What this enables in deployment

Three concrete production implications:

  1. Per-user adapter training is interactive-fast. A user can train their own adapter in 5 seconds, see the result, and iterate. This makes personalisation a UX-first feature rather than a server-side batch job.

  2. Fleet-scale personalisation is tractable. 215,000 Kerala IT@School students × 5 seconds = ~14 days of total training time, distributed across the fleet itself. Each student's laptop trains its own adapter; no central training infrastructure needed.

  3. Adapter staleness has a low refresh cost. If a user's distribution drifts over time (new vocabulary, new interests, new writing style), retraining the adapter is a 5-second operation, not a multi-hour pipeline. This lets the federation refresh adapters frequently — e.g., daily — without significant resource cost.

What this leaves open

  • 1B+ scale.
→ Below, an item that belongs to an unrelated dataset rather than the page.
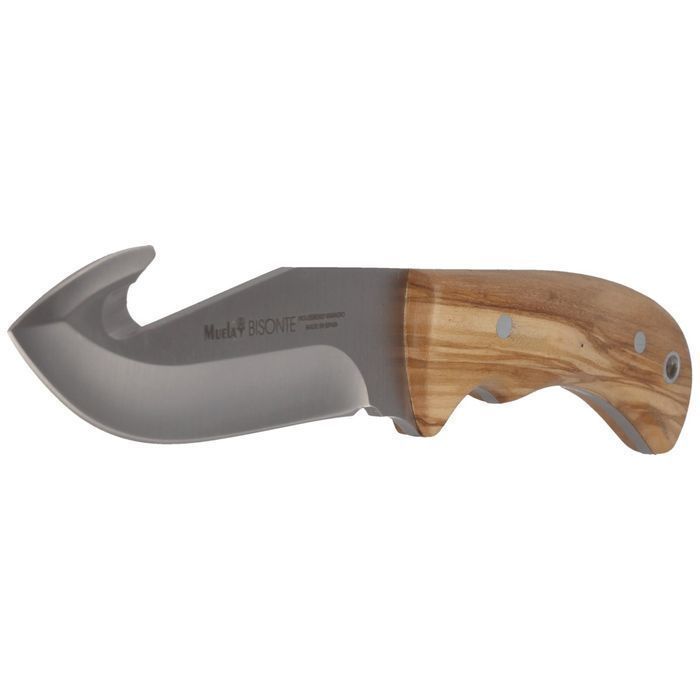 Nóż Muela Bisonte-11.OL Olive Wood, Satin X50CrMoV15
Bet 10's 5-second training is at 30M params. At 1B+ params, the per-step compute is ~30× larger. 5 seconds becomes 2.5 minutes. Still tractable, but the claim shifts from "interactive-fast" to "few-minute background job." Open work for the 1B+ scale question.
  • Heterogeneous corpora. The bet used a single user's clean prose corpus. Real users send code, emojis, URLs, broken grammar, multilingual mix. Whether 5 seconds is enough on noisy real-user data is the Kerala IT@School pilot's main empirical question.
  • Catastrophic forgetting under long-running personalisation. If an adapter is retrained daily over a year, does the base model's general capability degrade in ways the bet's "general ppl rises < 50%" check doesn't catch? Bet 29 (sequential personalisation) is a partial answer; full multi-month behaviour is open.
  • Adversarial corpora. A user whose corpus contains adversarial prompts (e.g., trying to weaponise the adapter as a backdoor) is untested. The federation's threat model needs to address this; this bet doesn't.

Run command

PYTHONPATH=src python -m experiments.bets.10_specialist_per_person

Output: experiments/bets/results/10_specialist_per_person.json records the personal-ppl trajectory across training steps, the general-ppl measurements before and after, and the wall-clock timings.
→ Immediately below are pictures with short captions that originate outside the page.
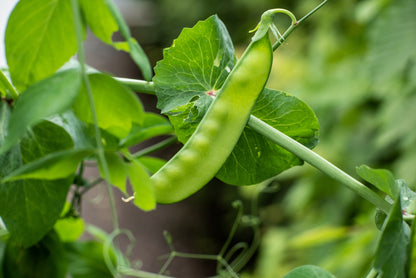 50 SNOW PEA Pisum Sativum Vegetable Seeds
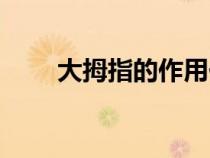大拇指的作用仿写（大拇指的作用）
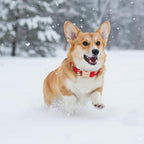 Christmas Dog Collar，Soft Cotton Dog Collars - Image 5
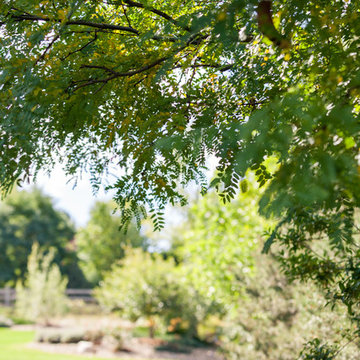Fall Visits Skyland Drive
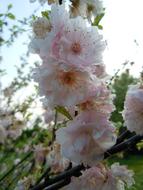 Beautiful blossoming Japanese cherry with white and pink flowers with orange cores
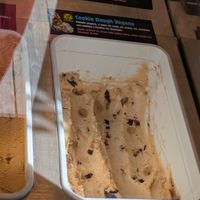 Vegan ice cream at PortAventura World in Tarragona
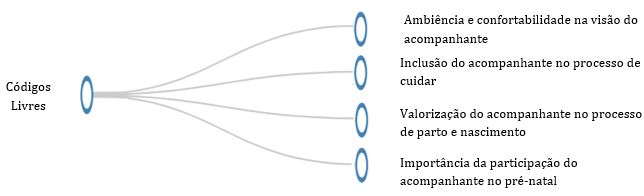 Categorias tem&aacute;ticas que emergiram a partir do discurso dos participantes, conforme mapa de c&oacute;digos livres gerados pelo software webQDA. Curitiba/PR, 2019.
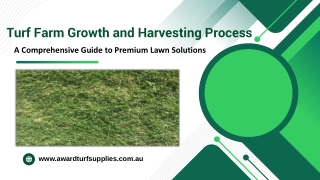 Turf Farm Growth and Harvesting Process-A Comprehensive Guide to Premium Lawn Solutions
  • Bet 37: norm-only fine-tune. The production-default primitive for per-user adapters.
  • Bet 43: 15/15 replication of this bet across seeds and eval texts.
  • Bet 60: noise-floor negative control. Most of the 110× drop is regularisation, not personalisation.
  • Bet 61: confusion matrix. Isolated personalisation signal at 5–29% per user.
  • Bet 49: adapter shootout. Norm-only Pareto-dominates full FT at 5-minute budget.
  • Bet 28: sample efficiency curve. How much training data is enough?
  • Bet 29: sequential personalisation. What happens when a user's adapter is retrained over time?

Why it matters

This bet gates the per-person federation thesis. If specialist-per-person had not worked at the 30M scale in seconds-to-minutes wall-clock, RFC-0006 would not have moved past concept. Because it did work — even with a primitive (full FT) the catalogue later replaced for production reasons — the rest of the wire-format and adapter chapters are about how to deploy it economically, not whether to.

The open question — does this hold at 1B+ on real-user data? — is in the Open Questions chapter. Until that's answered, the catalogue's strongest personalisation claim is "feasible at small scale on clean prose, with the personalisation signal isolated by Bet 61 at 5–29% per user." That's a calibrated claim, not a marketing claim. The federation deployment story is built on it.